NASHVILLE, Tenn. (AP) Kenny Britt thinks the Titans could have thrown more passes deep. Tight end Jared Cook reportedly is upset enough that he wants a trade.

And Tennessee only had 10 defenders on the field not once, but twice, while giving up the tying touchdown drive.

The Titans are not happy, and coach Mike Munchak hopes they're all frustrated at being 3-5 after a 19-13 overtime loss to Indianapolis because they all can do more.

``You're 3-5, that's not good enough, and that includes every one of us,'' Munchak said. ``Frustration, it means work your way through it, and let's find a way to turn this around and get to 5-5. So I think that's more where the frustration should be used. Find a way to become a better player and a better team.''

Munchak also downplayed the report of Cook wanting a trade, saying he didn't know anything about it and wouldn't comment. He noted Cook is their second-leading receiver, tied with Nate Washington with 28 catches, and someone they need to win.

``This is not the time for those things,'' Munchak said.

With nine AFC teams between 4-3 and 3-5 not counting division leaders, the Titans still have hope at the midpoint of the season. But they must fix their struggling defense that not even a two-game winning streak could disguise. They are young and have a no margin for error.

The Titans had just 10 defenders on the field during the Colts' 80-yard drive to tie it at 13 with 3:24 left. Munchak noticed the problem on fourth-and-1 at the Titans 8 and couldn't get a timeout called before they gave up a 7-yard run. The coach said it happened a second time during that drive, too.

Asked if that was something the players should have noticed first, Munchak said, ``You would hope so.''

The Titans ran only 59 offensive plays. The Colts had 76 and rolled up 457 yards counting the 80-yard drive for the winning TD in overtime. But Tennessee won its previous two games by making key plays late, and thought it recovered a fumble to set up a winning field goal with 26 seconds left in regulation Sunday.

Officials called forward progress being stopped on Dwayne Allen when Colin McCarthy was tackling him, even though the Allen had not gone backward when linebacker Akeem Ayers stripped the ball. Titans cornerback Alterraun Verner recovered at the Indianapolis 28, and Tennessee started celebrating.

Munchak said that will be among the plays the Titans send to the NFL, along with an offensive pass interference that wiped out a touchdown.

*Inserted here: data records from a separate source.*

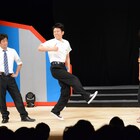 ネプチューンがWELフェスで「U.S.A.」取り入れたコント、にゃんこ新ネタも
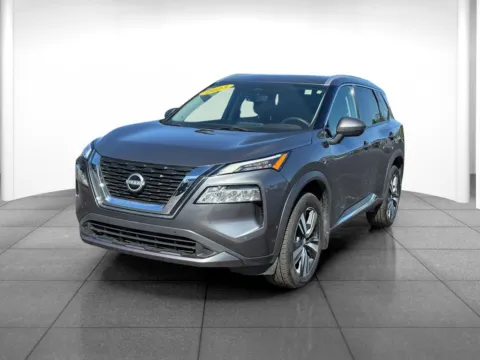 Another view of 2023 Nissan Rogue SL for sale in Indianapolis, IN at Eastgate Chrysler Jeep Dodge Ram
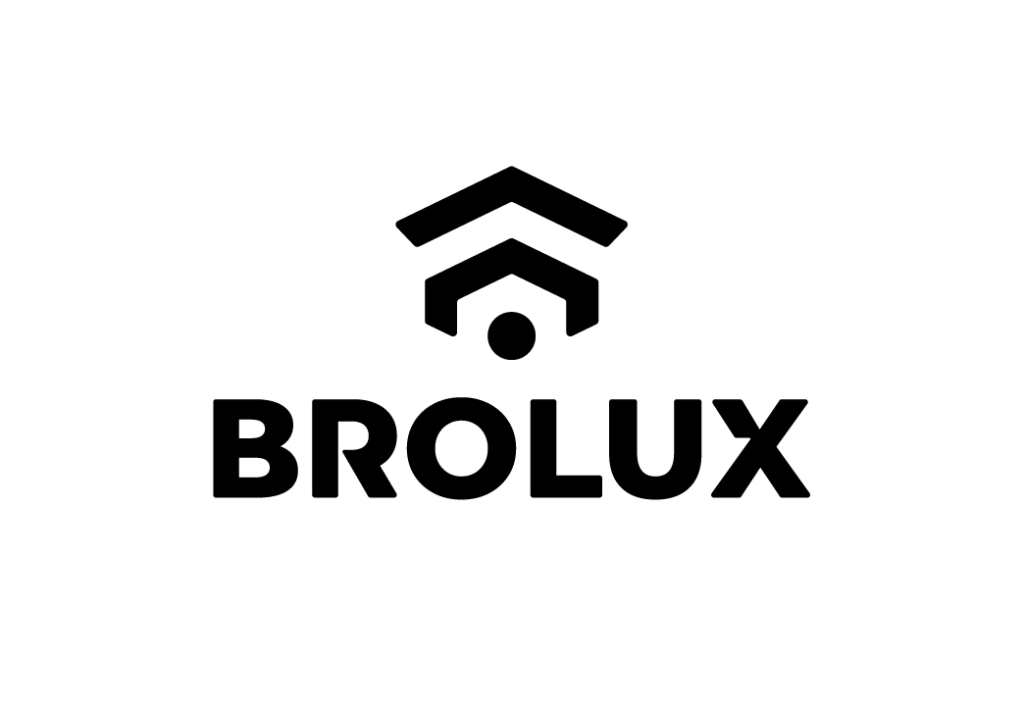 Geometric Grid Logo Symbol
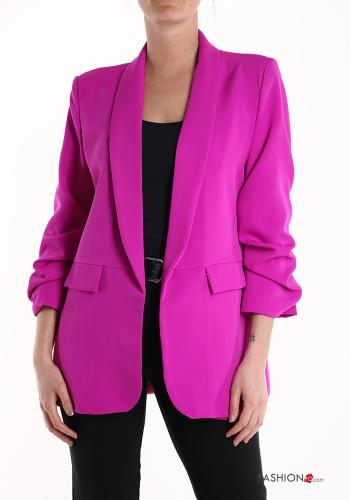 Blazer manga tres cuartos - ph 1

Verner said he didn't understand the rule, but that it wouldn't do him any good to look it up now.

``We all still feel it's a fumble,'' Verner said. ``That's the call they made, and we have to live with it.''

Of course, Colts interim coach Bruce Arians thought officials made ``a dang good call'' and said he heard a whistle stopping the play.

``You'd have felt terrible had we lost the game there,'' Arians said.

Britt said they knew going into the game that the crew headed by referee Al Riveron called the most offensive penalties in the NFL last season and he should have been smarter. But he was flagged for two pass interferences in the first half. Britt also wanted more deep passes with Colts cornerback Vontae Davis spraining his left knee on the opening drive.

``Everybody's just anxious to get back out there and do their job and ready to get this turned around ...'' Britt said. ``Everybody's frustrated at losing a close game like that. All the games we won so far were overtime or close games. ... We believe we could've made it happen.''

The Titans now have to get over it quickly with Chicago (6-1) visiting Sunday.

Veteran Matt Hasselbeck will start his fifth straight game while the Titans wait for Jake Locker's shoulder to heal enough that doctors clear him to return to full practice. Locker dislocated his left, non-throwing shoulder for the second time in four games on Sept. 30, breaking a piece of bone in the front of the shoulder.

The Titans visit Miami on Nov. 11 before their bye week, so they might give Locker that time to further heal.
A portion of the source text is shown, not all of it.